Segment Open

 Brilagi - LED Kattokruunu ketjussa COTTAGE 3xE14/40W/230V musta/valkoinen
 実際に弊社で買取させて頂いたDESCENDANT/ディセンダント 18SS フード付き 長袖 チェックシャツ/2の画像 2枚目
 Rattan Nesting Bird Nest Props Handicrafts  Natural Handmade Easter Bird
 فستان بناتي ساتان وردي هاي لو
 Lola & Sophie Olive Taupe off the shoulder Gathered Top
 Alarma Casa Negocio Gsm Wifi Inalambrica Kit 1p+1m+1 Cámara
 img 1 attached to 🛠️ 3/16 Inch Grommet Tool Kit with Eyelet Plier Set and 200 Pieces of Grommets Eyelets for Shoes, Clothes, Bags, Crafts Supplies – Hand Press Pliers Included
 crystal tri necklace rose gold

Segment Closed
Segment Open

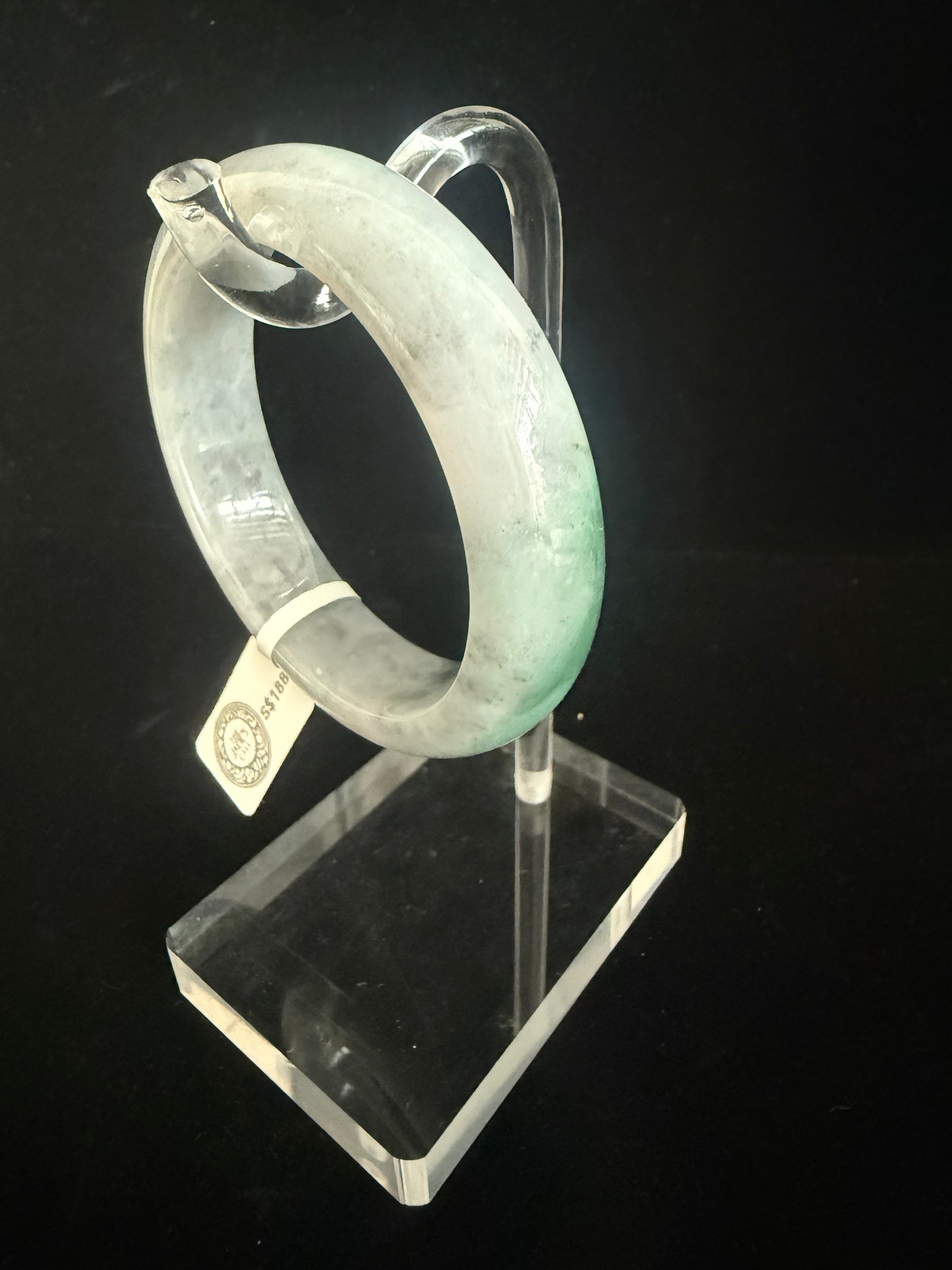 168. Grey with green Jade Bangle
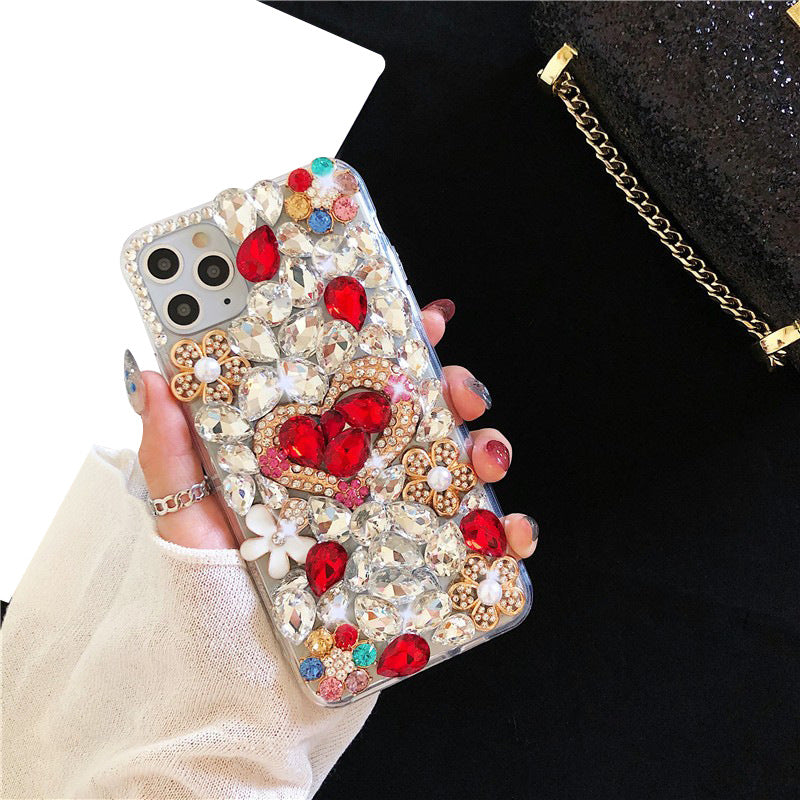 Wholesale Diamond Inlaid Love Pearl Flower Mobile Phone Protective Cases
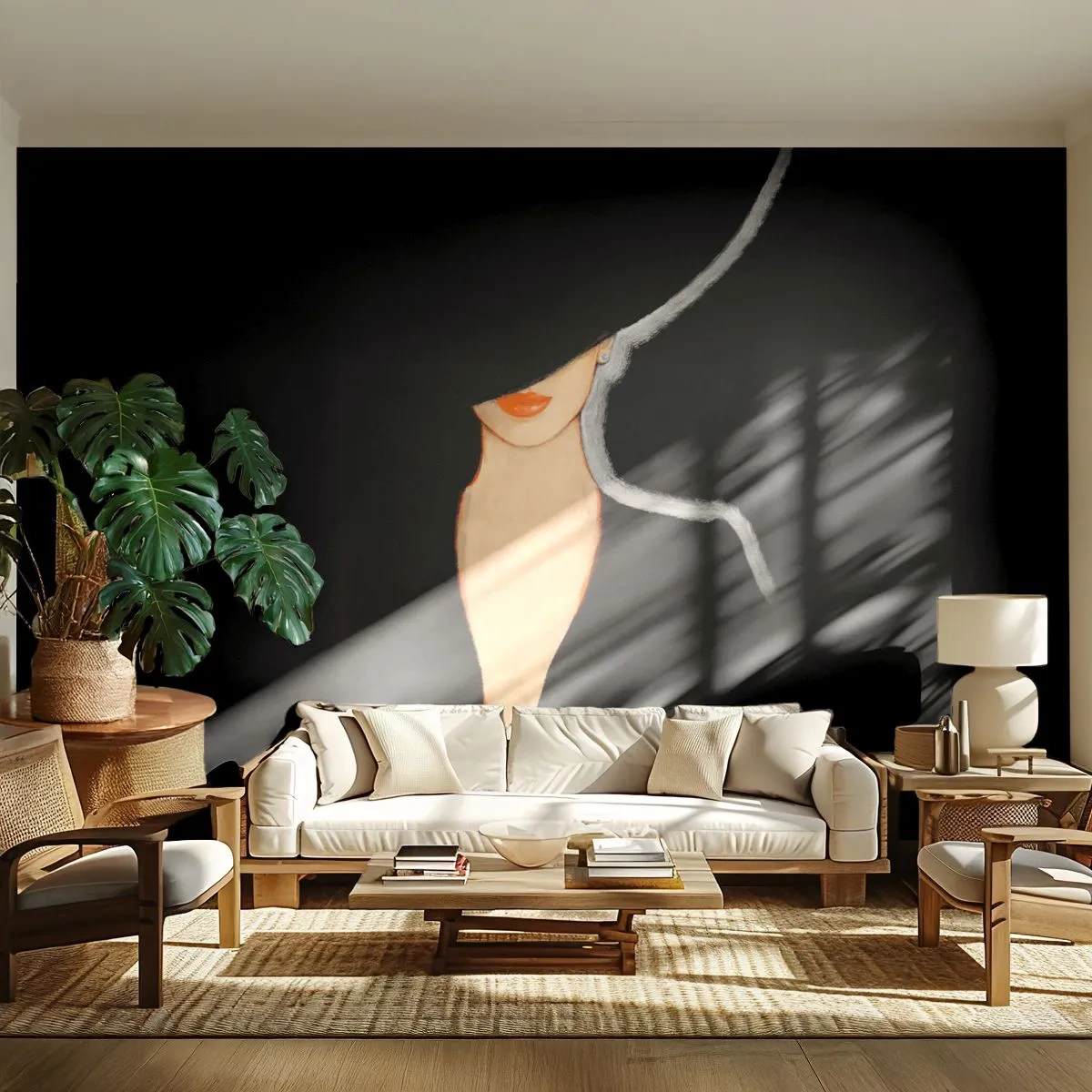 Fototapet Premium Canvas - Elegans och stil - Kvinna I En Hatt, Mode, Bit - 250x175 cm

Segment Closed
Segment Open

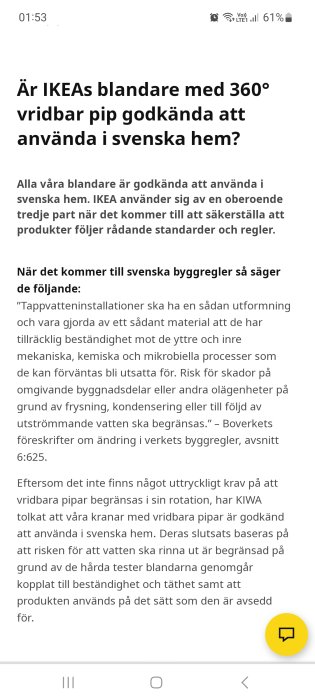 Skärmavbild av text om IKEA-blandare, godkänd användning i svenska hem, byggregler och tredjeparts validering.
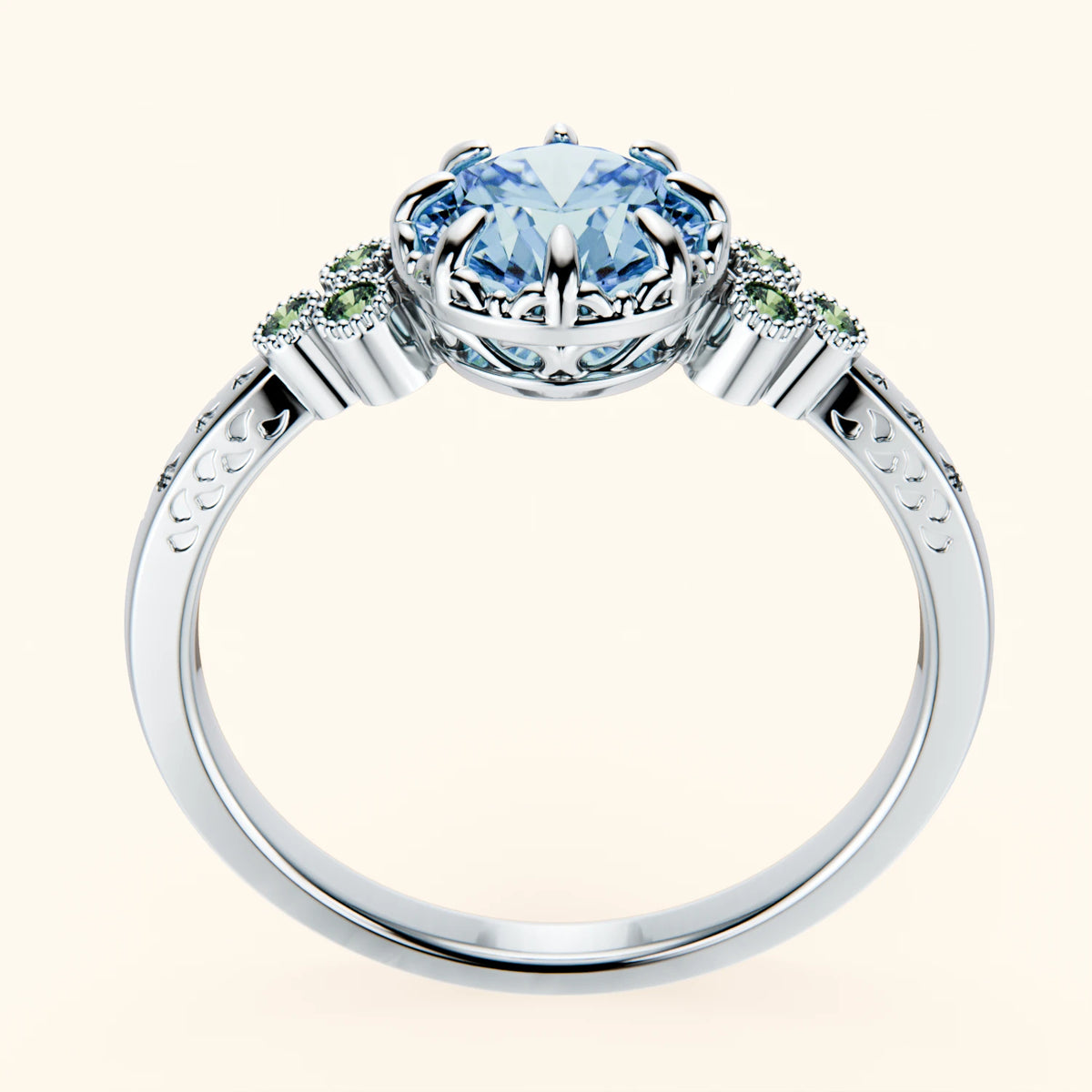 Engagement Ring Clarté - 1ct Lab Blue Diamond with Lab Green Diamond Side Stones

Segment Closed

▶ Task goal
All lines above between those holding "Brilagi - LED" and "Alarma Casa Negocio", inclusive, must be set down unchanged, and no other line may be included.

▶ Solution below
 Brilagi - LED Kattokruunu ketjussa COTTAGE 3xE14/40W/230V musta/valkoinen
 実際に弊社で買取させて頂いたDESCENDANT/ディセンダント 18SS フード付き 長袖 チェックシャツ/2の画像 2枚目
 Rattan Nesting Bird Nest Props Handicrafts  Natural Handmade Easter Bird
 فستان بناتي ساتان وردي هاي لو
 Lola & Sophie Olive Taupe off the shoulder Gathered Top
 Alarma Casa Negocio Gsm Wifi Inalambrica Kit 1p+1m+1 Cámara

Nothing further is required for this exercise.